Have you ever wondered what happened to all the tuner cars of the 2000s? Did some of them get re-modified in more modern styles, or did they all get turned into fiberglass cubes years ago? While some are most definitely in the junkyard in the sky, some of them are just squirreled away in garages, waiting for the right time for a revival. Case in point? Castrol’s Top Tuner Pontiac Solstice, the mother of all Solstice builds.
If you haven’t heard of the Top Tuner Pontiac Solstice, don’t worry – this project had a decidedly Northern twist. Castrol was looking to expand its reach in the Canadian sport compact scene and decided that a series of all-out builds was just the ticket. In 2006, the oil brand partnered with six highly-awarded Canadian tuners to build one special Solstice that’s very much a product of its time. Believe it or not, this show car is currently up for grabs on – where else? — Facebook Marketplace for the sum of $20,000 Canadian. So, let’s see what 20,000 loonies gets you.
At the heart of the Top Tuner Pontiac Solstice sits the supercharged two-liter four-cylinder engine from a Chevrolet Cobalt SS, except it’s not supercharged anymore. See, this LSJ was stroked to 2.2 liters and boosted to 30 psi courtesy of a TD05 turbocharger. JE forged pistons and wristpins mate with GM Performance forged rods to keep a lid on things, while a ported head helps with flow. Oh, and if that wasn’t enough, it got nitrous oxide on top of all those goodies. Claimed output? A cool 500 horsepower.

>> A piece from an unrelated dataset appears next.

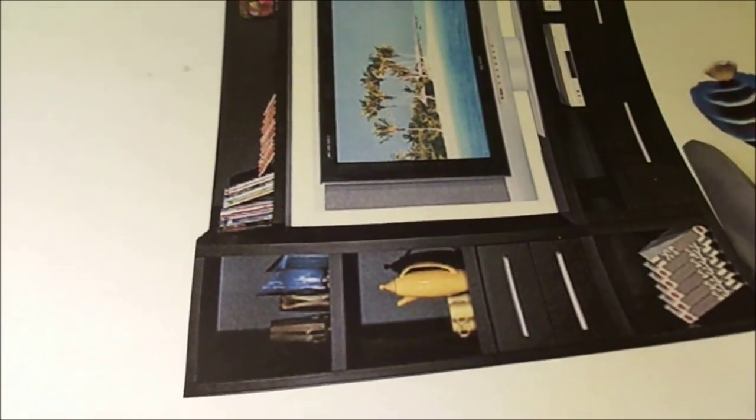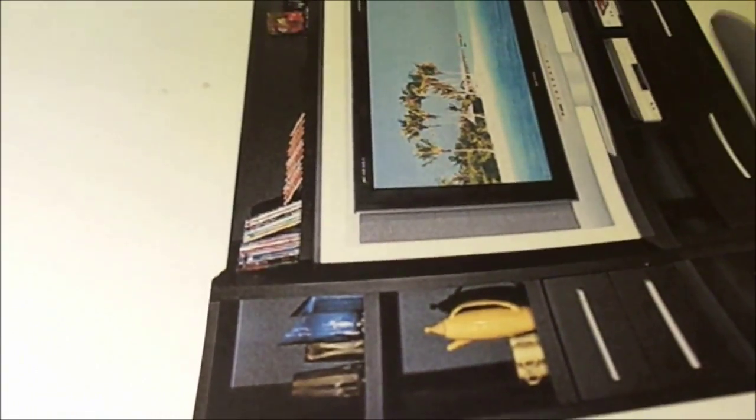I cut out a picture of an entertainment system. You can use a printable or an image from a magazine.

Of course, being a product of the mid-aughts, the visuals of the Top Tuner Pontiac Solstice are over-the-top. We’re talking about a one-off widebody kit and a custom hardtop, as the Solstice Coupe didn’t exist at this point. Due to the extensive body fabrication, the fuel filler neck now attaches to the rear bumper, and the car isn’t really a convertible as such anymore.
As for suspension, the Top Tuner Pontiac Solstice sits low on Tein coilovers with the suspension company’s EDFC damping adjustment solenoids on deck to adjust rebound on the fly. The anti-roll bars and control arms are all GM Performance Parts, but they’re chromed and fitted with polyurethane bushings because that was the style of the time. To top it all off, the whole car was sprayed in a special color-shifting candy green paint that really pops in the light.
While modifications are a matter of taste, some just don’t hold up to today’s scrutiny. HID headlights in halogen reflector housings, anyone? Thankfully, the car isn’t currently rocking the custom interior it was once fitted with, for that red suede-clad bundle of screens and aftermarket gauges has aged about as well as you’d expect. While I’d love it if some components of the over-the-top audio system from show car guise stayed in the car, it’s nice to see a normal interior and not a cabin that looks like a strip club.
However, the interior isn’t the only thing that hasn’t remained with the Top Tuner Solstice over the years. The chrome grille mesh, special front emblem, and original DUB wheels haven’t survived the last 17 years or so. Given the oddball double-staggered wheel fitment, I can’t say I miss the original wheels. However, the front end feels unfinished without grille mesh, and the special front emblem should’ve really stayed with the car.
I remember seeing this car when it was still fresh and hot and being blown away by the extent of the changes. Obviously, fit-and-finish wasn’t quite up to OEM scratch, but it was impressive seeing what a few skilled Canadians could accomplish. If the Top Tuner Solstice is still pushing out anywhere near the claimed 500 horsepower it made back in the day, this would be one seriously rapid car for $20,000 Canadian. It’s also one of the most depreciated cars on the market, with a claimed $500,000 Canadian going into the build according to an Auto123 article. While the Top Tuner Solstice certainly isn’t everyone’s cup of tea, it’s an important living document of a subculture era that’s now largely dead. For the right sort of person, it’ll be $20,000 well-spent.